The best moment of the show.


----------



## jking (Mar 23, 2005)

RoundBoy said:


> i might be rememberign it wrong, but U&J *did * book the 1:30 flight for them, and whoever they had all the info for.. when they got to the airport they did a check and changed over to the 12:30 flight...


I may be wrong as well, but the way I thought it went down was that U&J were able to book the 12:55 (arrival) for themselves and the Guidos, but were unable to book anything for anyone else because they didn't have their security codes. The other 2 teams (Cha Cha Cha and Team "Look At My Girlfriend's Boobs") tried to book their own tickets, and the counter person set them up on the 1:55 flight. Later, Eric overheard someone talking about the 12:55 flight and was able to get on, but no one else was able to, which led to the confrontation between Charla & Mirna and Ian & Terry at the first layover, because they were both trying to get on a waiting list for the 12:55 flight. So in the end, R&A, U&J, Guidos and Team Boobs got there an hour ahead of everyone else.


----------



## tjramsey (Nov 28, 2002)

Ruth said:


> I had no idea that touching fish was such an ordeal for so many people. Yes they are slimy and they smell. So what? Did these people really think all the tasks on TAR All-stars would involve cuddly puppies? Just amazing how many people totally freaked out in what looked like a very straightforward, if slightly icky, task.
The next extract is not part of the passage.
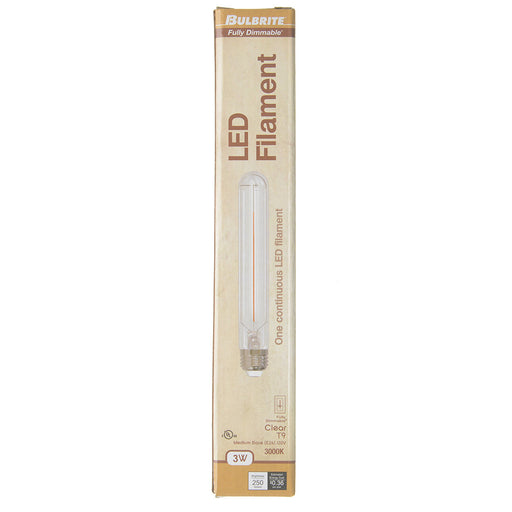 Bulbrite LED3T9/30K/7/FIL/4 7.5 Inch 3W LED T9 Tube E26 Base 3000K 250Lm 120V 90 CRI 320 Degree Beam Angle Dimmable Clear (776949)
For no good reason at all, fish give me the willies. I would have a harder time doing this than I would have picking up a bunch of snakes (at least the non-poisionous ones.)

That said, I know I'd have been able to get over it in that situation and just gotten on with it; but they probably would have gotten some good shots of me being grossed out and timid at first.

Oh, and I fully admit, it makes no sense to have that reaction, but I used to actually be afraid of fish, so just finding them a tad icky is a huge improvement for me   Let's just say I had some empathy for all the people who took a while to get going on this one.
--T.J.


----------



## fmowry (Apr 30, 2002)

JETarpon said:


> Midget insensitivity alert!
> 
> When Charla was running around in her bathing suit, did anybody else think she looked like she belonged in the circus?


Dude c'mon. Munchkin is the preferred term.

Frank


----------



## jking (Mar 23, 2005)

tjramsey said:


> For no good reason at all, fish give me the willies. I would have a harder time doing this than I would have picking up a bunch of snakes (at least the non-poisionous ones.)


I was really surprised at Dave's fear of fish. Being from KY too, I know that fishing's a big pastime here... what else are we gonna do?  I'm not much of a fisherman myself, but I've pretty much grown up around fishing and have never met anyone who was afraid of them.


----------



## Marco (Sep 19, 2000)

xuxa said:


> The best moment of the show.


Well, no ... she stayed in the boat the whole time.


----------



## stalemate (Aug 21, 2005)

JLucPicard said:


> I also thought next week's tease meant
> 
> 
> Spoiler
> ...


I believe Phil said at the beginning of the first episode that there are no non-elimination legs this time.


----------



## cmgal (Oct 2, 2003)

stalemate said:


> I believe Phil said at the beginning of the first episode that there are no non-elimination legs this time.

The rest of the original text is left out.